Thursday, October 15, 2009

Top 5 Things That Will Make Me Drop a Comic (Aside from Terrible Writing)

In no particular order, the Top 5 Things That Will Make Me Drop a Comic:


1) Writers on soapboxes.  I do not care if you are a Republican, Independent, Democrat, or Communist.  I pick up comics to read stories, not to here your diatribe against a political figure or policy.  If you can't write about politics in such a way that doesn't paint all your opponents as immoral, baby-eating scum then you shouldn't be writing about politics.  (And, really, if you want to write about politics, and you're in the comics industry, you're in the wrong line of work.)

2) Killing off characters for shock value (especially minor characters).  This is a symptom of bad writing.  While deaths can be written well, 99/100 they are written poorly and for cheap drama.  Not to mention that the only people that will care when you kill some obscure character are the fans of that character.  And they will be ticked that you did it.

3) Ignoring continuity.  Continuity exists for a reason.  It is the glue that holds a story together.  I'll agree that some stories probably need to be retconned, but ignoring continuity for no other reason than you feel like it is bad writing.  And not bothering to look up a character's history is even worse.  This is the age of the Internet.  You can learn all you ever wanted to know about a character and more if you're willing to spend a few minutes with a search engine.  You have no excuse.

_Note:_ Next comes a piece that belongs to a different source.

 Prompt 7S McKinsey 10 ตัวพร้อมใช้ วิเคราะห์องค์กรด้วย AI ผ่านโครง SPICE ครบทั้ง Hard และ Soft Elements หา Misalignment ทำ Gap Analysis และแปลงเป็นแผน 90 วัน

4) Non-stop angsting.  Angsting within a story is fine.  Angsting that stops the flow of the story is not.  If a whole issue goes by and the hero has done nothing but whine, I'm probably going to quit reading the series.  If the character does nothing in their series but whine and mope about having superpowers and dating some of the most attractive people in existence, I'm going to call the character an emo git and then quit reading.  (Well, maybe.  It depends on whether the other X-Men are doing something interesting.)

5) Antiheroes.  Why?  Because most of the time they are not heroes.  They're just a-holes who happen to be slightly smaller jerks than the bad guys they're fighting.  Trying to find a decently written antihero who is actually somewhat heroic is like trying to find a needle in a haystack.